▶ _Problem to work on_
Copy every line of the data below exactly as given, except for the pictures.

▶ _Input data_
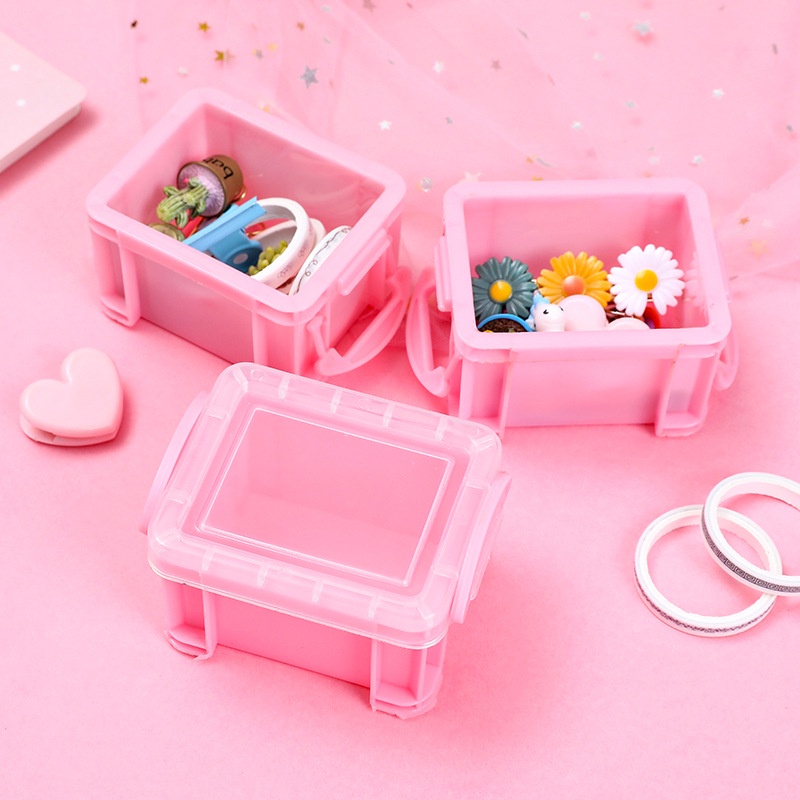 Hộp Nhựa Mini Màu Hồng HynBee  Đựng Sticker, Washi Tape, Phụ Kiện Trang Sức Siêu Dễ Thương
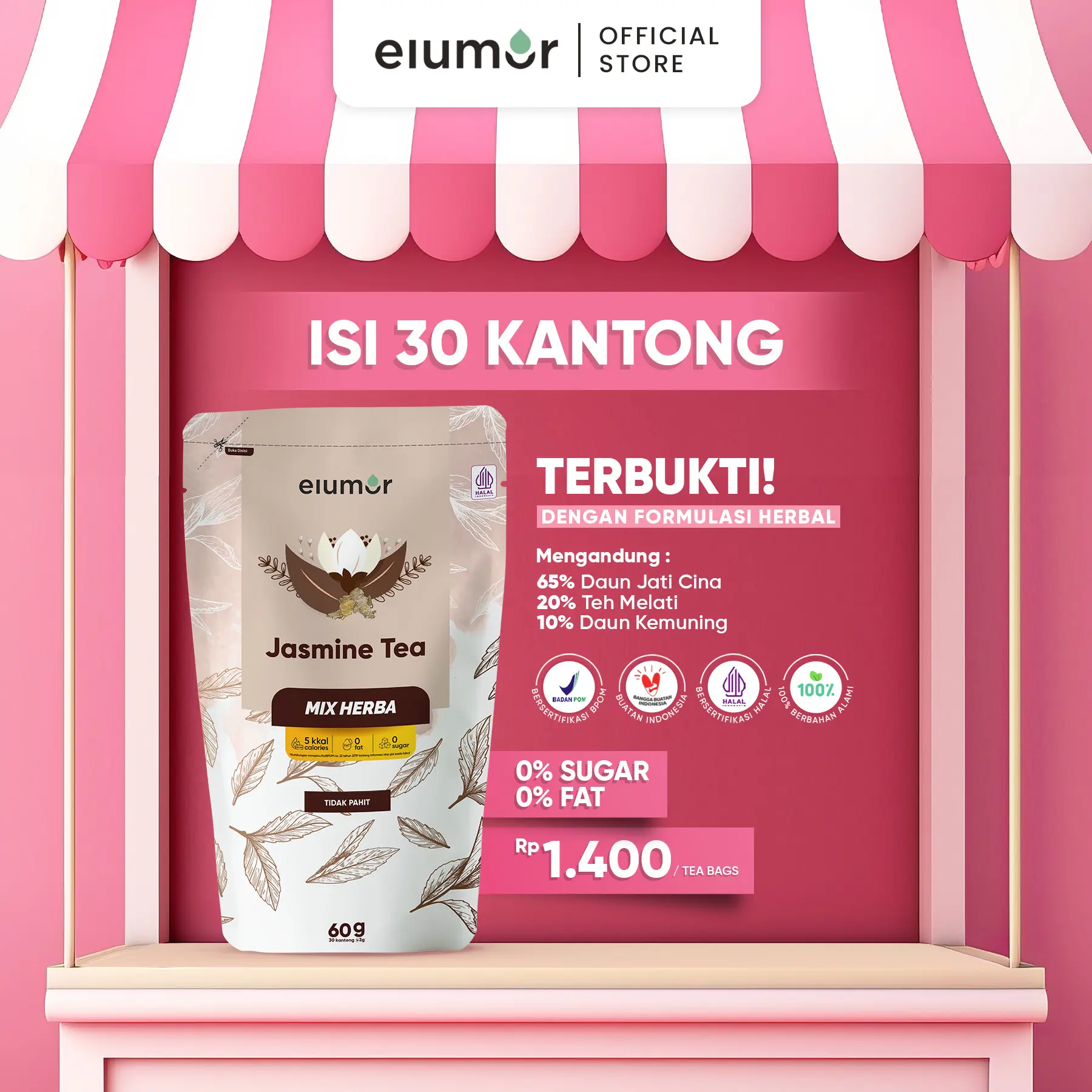New Product Elumor Jasmine Tea - Mengandung Daun Teh Melati Akar Kemuning Akar Klembak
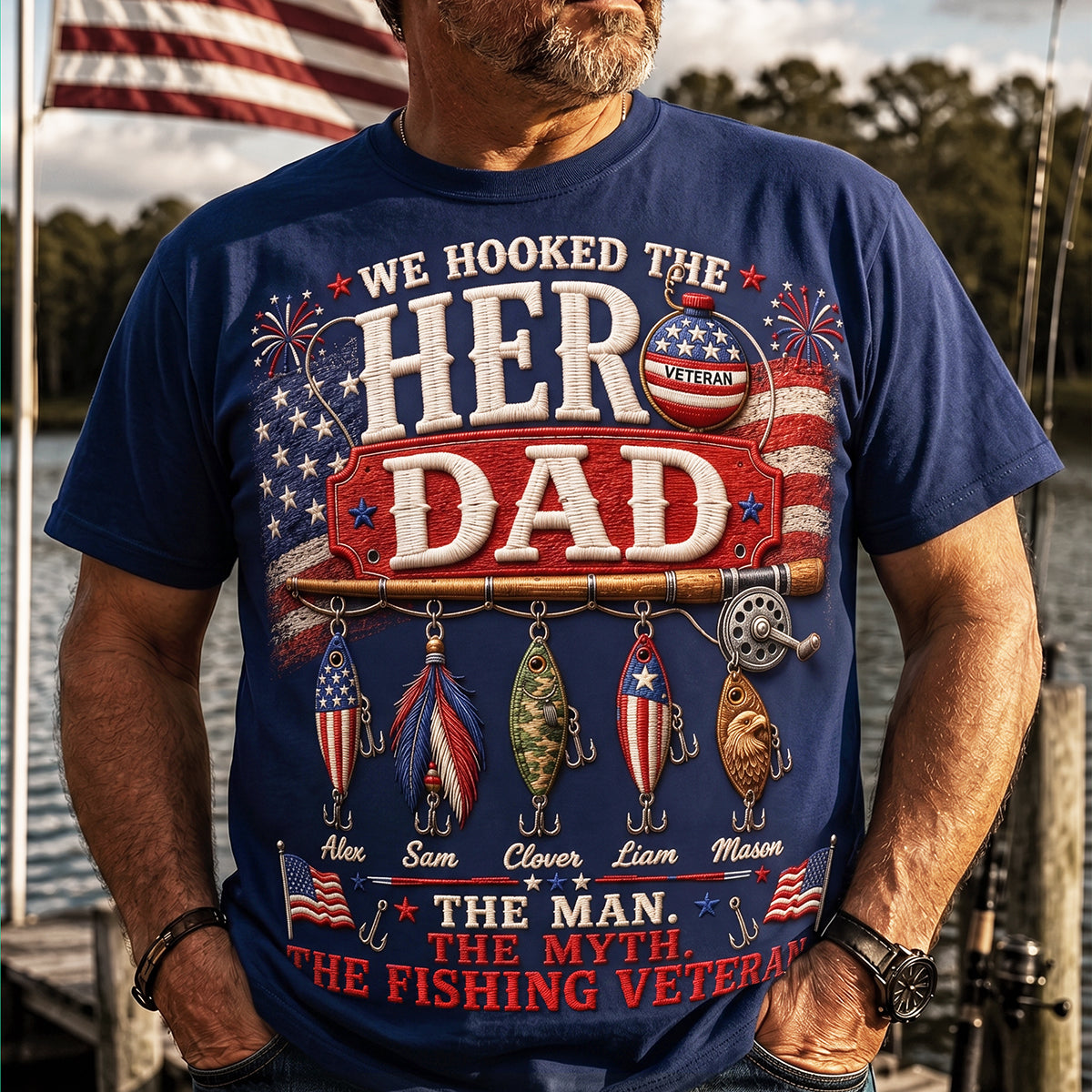We Hooked The Hero Dad - Personalized Fishing Shirt for Father's Day Shirts PopCulturePrints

▶ _Your response_
 Hộp Nhựa Mini Màu Hồng HynBee  Đựng Sticker, Washi Tape, Phụ Kiện Trang Sức Siêu Dễ Thương
New Product Elumor Jasmine Tea - Mengandung Daun Teh Melati Akar Kemuning Akar Klembak
We Hooked The Hero Dad - Personalized Fishing Shirt for Father's Day Shirts PopCulturePrints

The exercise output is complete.